In a thrilling race, the Kiwis started strong and took charge from the second 500m, holding off the Germans and Brits at the end.
Always a chance for a medal, few genuinely thought they would match the favoured Germans but New Zealand took control at the halfway mark, put distance on the field at the three-quarter pole and never looked like relinquishing the lead in the home straight.
Cue scenes of jubilation as the crew smashed the tranquil Sea Forest waterway with their fists, screamed in exultation and engaged in the sort of awkward hugs the confined spaces of a skiff allows for.
It is the first gold in the eight since Munich – forever remembered as the first time God Defend New Zealand had rung out over an Olympic tannoy – and the first medal in the discipline since Montreal in 1976.
The silver for the women’s eight meant a second medal in two days for Kerri Gowler and Grace Prendergast, who won gold in the women’s pair yesterday.
The Canada team in the end proved too good for the favoured New Zealand women's eight and took out the gold.
Canada led the race from the start. The Kiwis looked like they were gaining ground about halfway through but couldn't quite peg them back. China made a late push but it wasn't enough to overtake the Kiwis and they took the bronze medal.
The medals today take New Zealand's count to seven - three golds, three silvers and a bronze - at this year's games, and vaulted the Kiwi contingent up the table to 11th immediately following the men's race.
Earlier Twigg smashed the Olympic record to claim gold for New Zealand.
After a commanding performance in her semifinal yesterday, Twigg led pretty much from the start and eased to victory over the Russian Olympic Committee's Hanna Prakatsen and Austria's Magdalena Lobnig.
Twigg won in an Olympic best time of 7m 13.97s, blitzing the field. Prakatsen took silver in 7m 17.39 and Lobnig 7m 19.72s.
Twigg held a small lead at 500m, and turned that into a commanding one at the halfway mark.

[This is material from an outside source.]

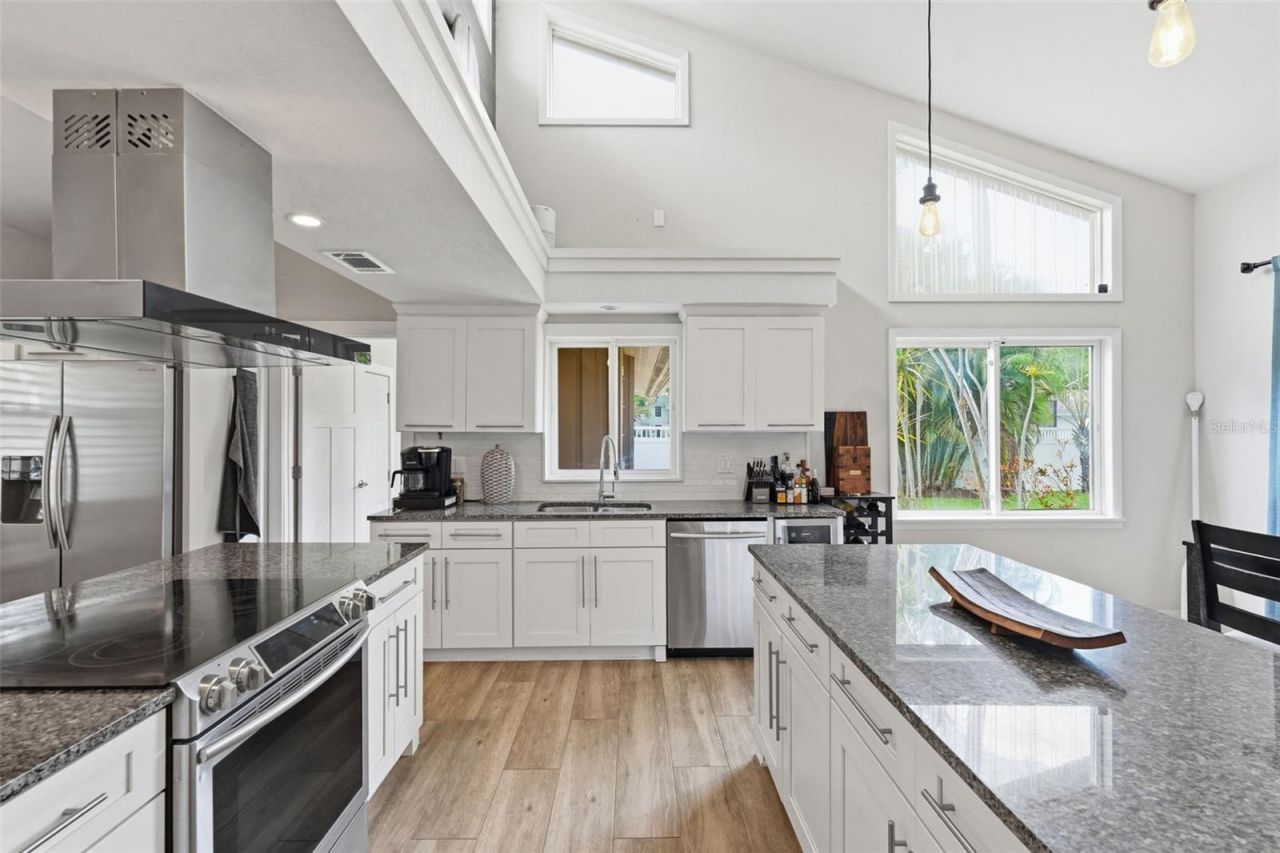 13917 76th Terrace , Seminole, FL 33776 Photo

Prakatsen overcame a slow start to move through the field but was unable to chase Twigg down with her trademark strong finish.
Lost for words
Twigg was in disbelief following her win.

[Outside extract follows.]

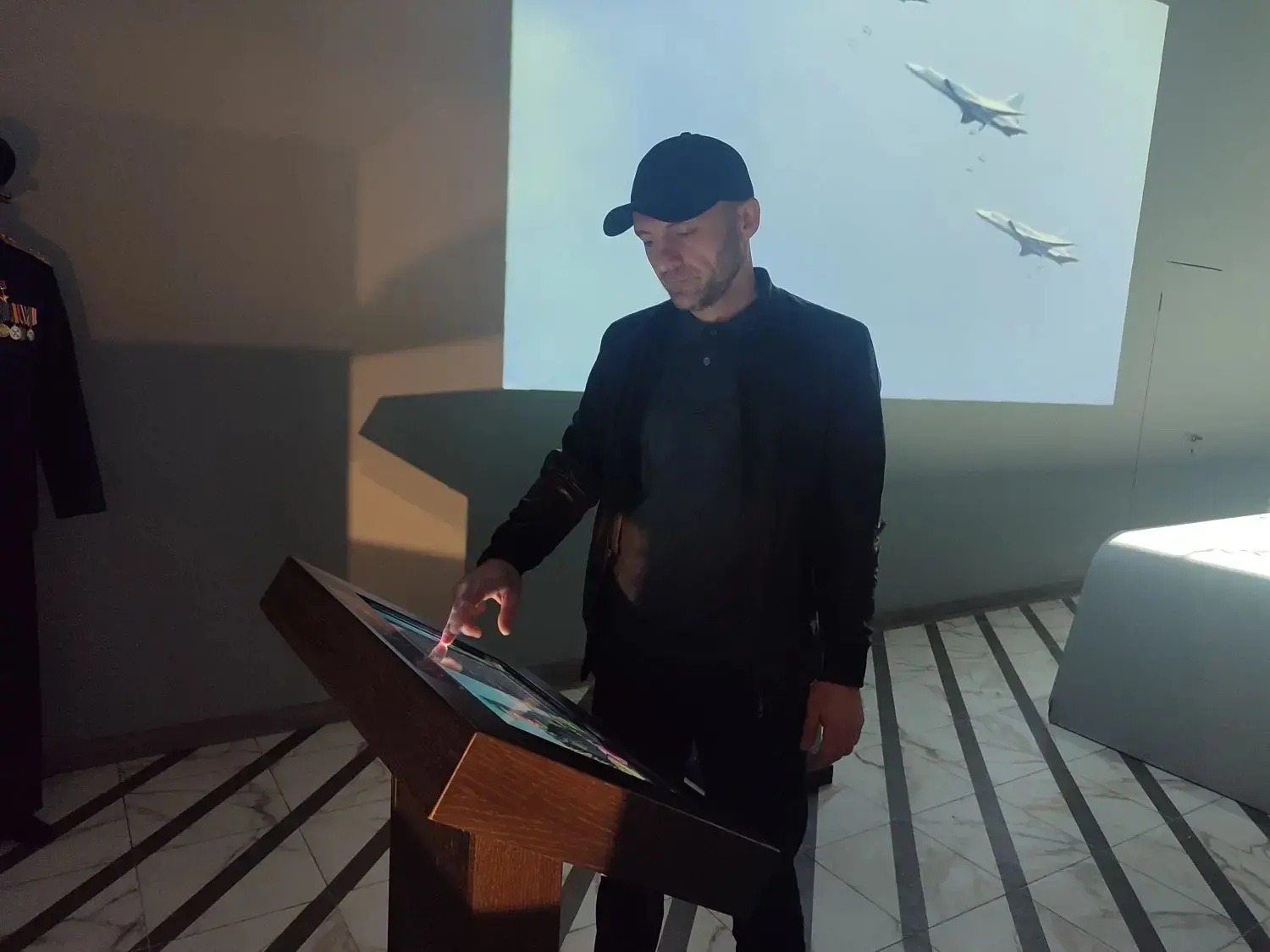 Сотрудники Министерства промышленности и торговли Дагестана посетили выставку «Поколение героев»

"I can't believe it. Crossing the line I was in disbelief.
"I didn't actually hear the hooter but I'm just lost for words. So many disappointments over the years but I need to thank my team. Just lost for words.
"I think it's going to take some time to sink in. I feel like this is fate. It's an amazing feeling.
"I felt pretty comfortable and knew my times were good through early rounds. It's going to be a pretty special day.
"To my beautiful wife, I'm a very lucky girl. It's a dream come true."
In her fourth A final at an Olympics, Twigg, 34, now has sixth, fourth, fourth and this victory beside her name.
The men's eight are set to follow soon after the women's eight.